─── Records for processing
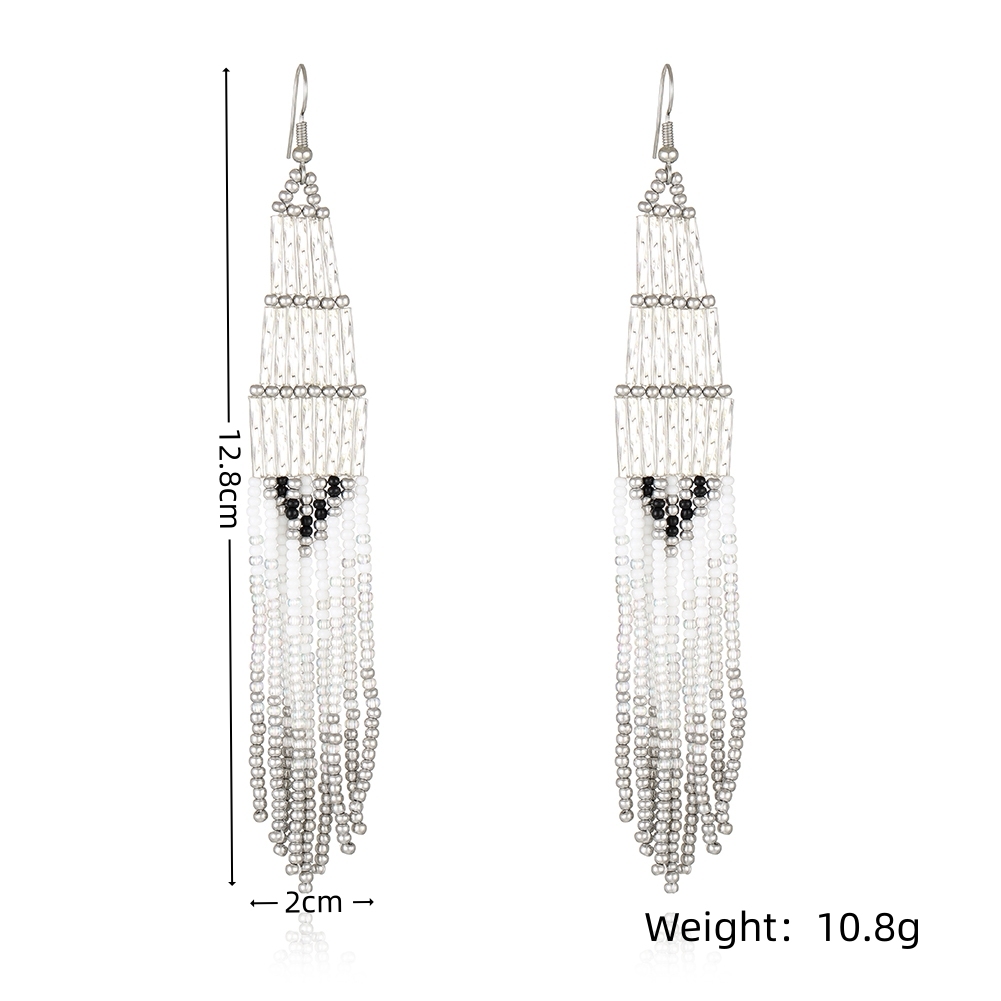 Black/Clear  Simple design earring with long tassel
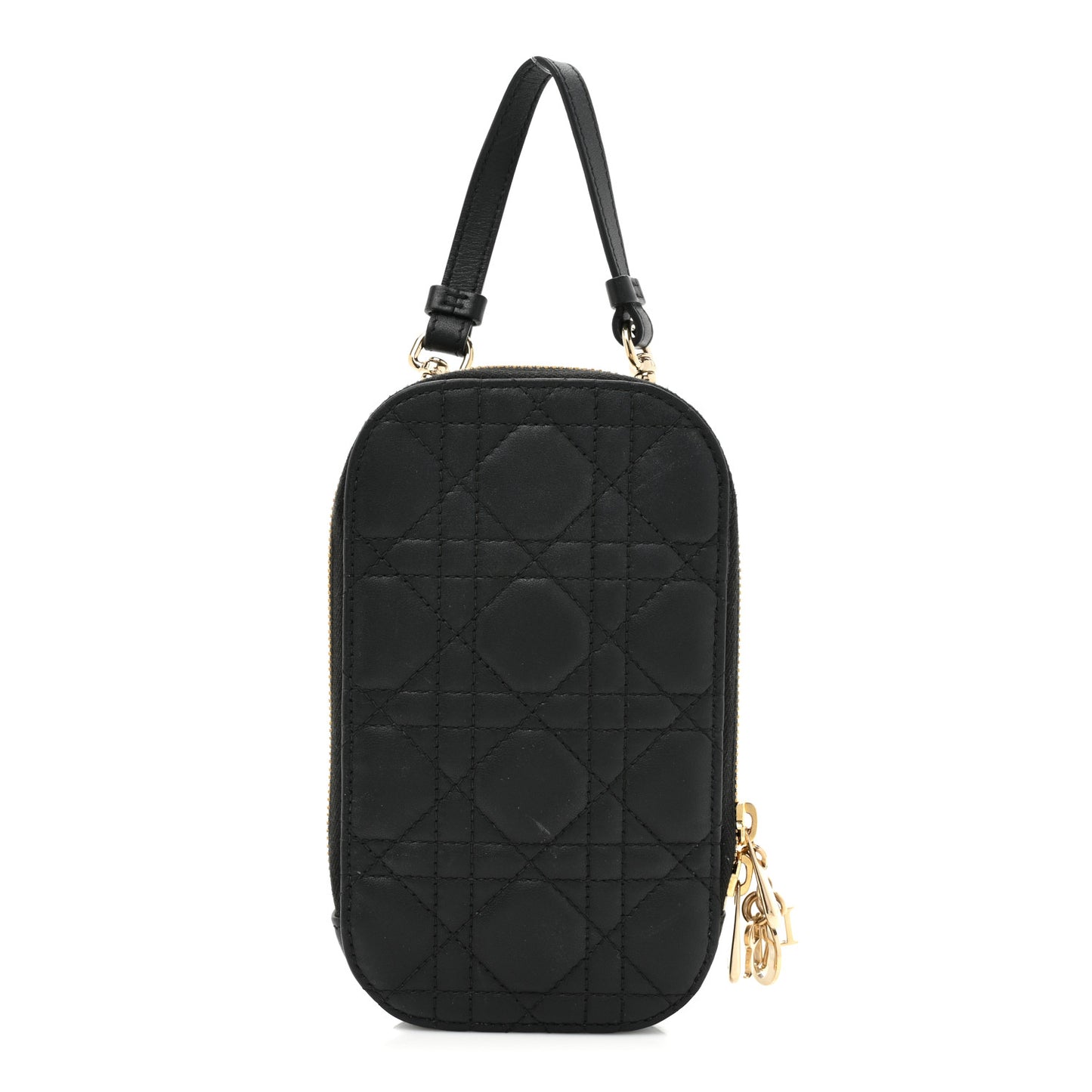 Lambskin Cannage Lady Dior Phone Holder Black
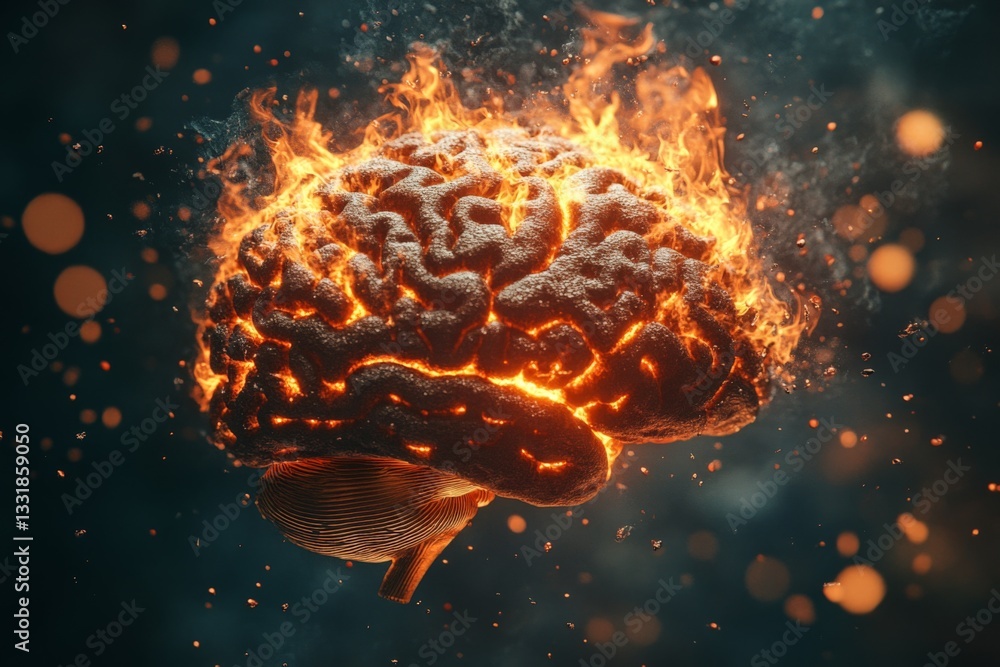 Poster flaming brain representing intense creativity and inspiration in a dark, atmospheric setting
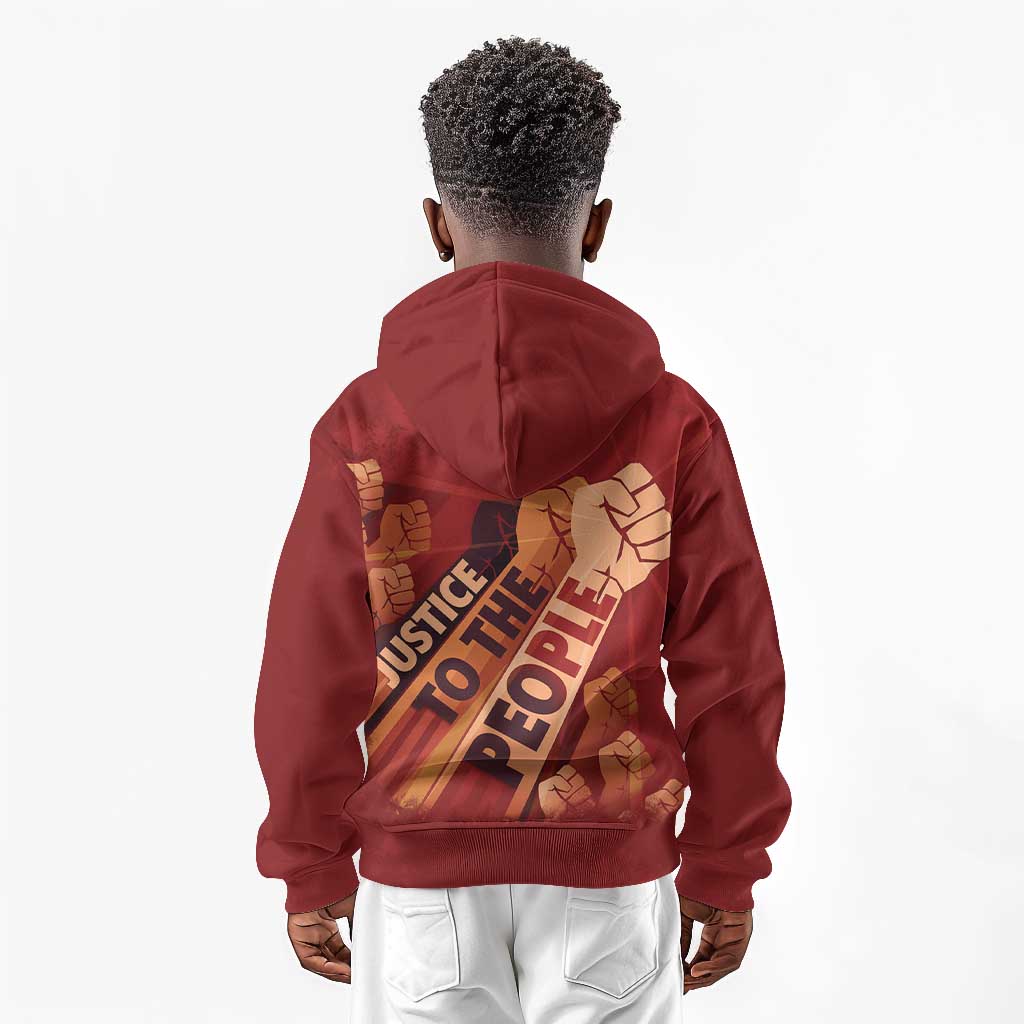 Justice To The People Africa Kid Hoodie Afro Raised Fist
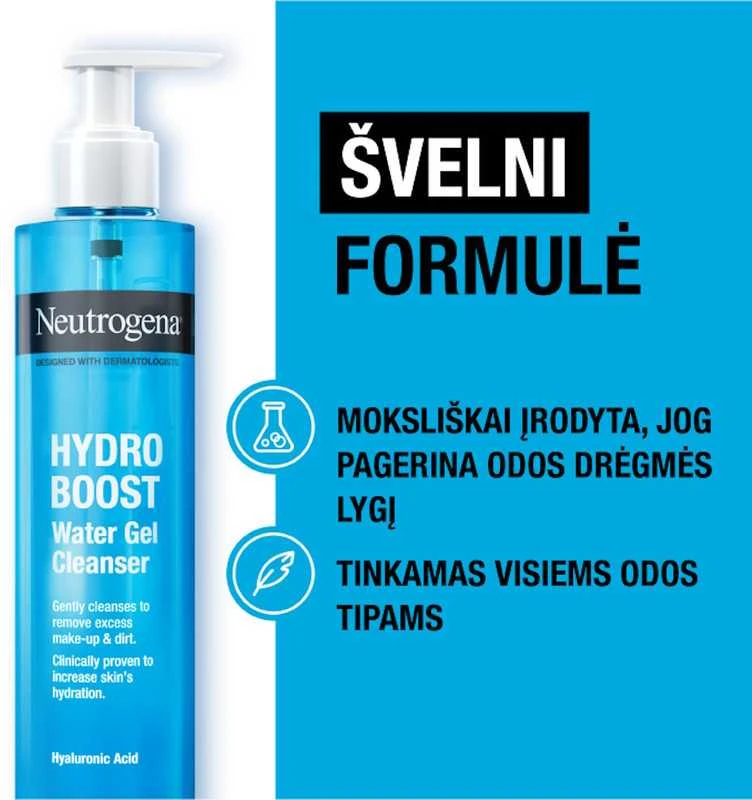 Neutrogena Hydro Boost Vanduo Gel Valiklis Cleansing Gel unisex, 200 ml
──────
Exercise instructions. Return, exactly and without extra lines, everything from the line with "Lambskin Cannage Lady" through the last line of the material above, both included. Pictures must be dropped.

The answer.
 Lambskin Cannage Lady Dior Phone Holder Black
 Poster flaming brain representing intense creativity and inspiration in a dark, atmospheric setting
 Justice To The People Africa Kid Hoodie Afro Raised Fist
 Neutrogena Hydro Boost Vanduo Gel Valiklis Cleansing Gel unisex, 200 ml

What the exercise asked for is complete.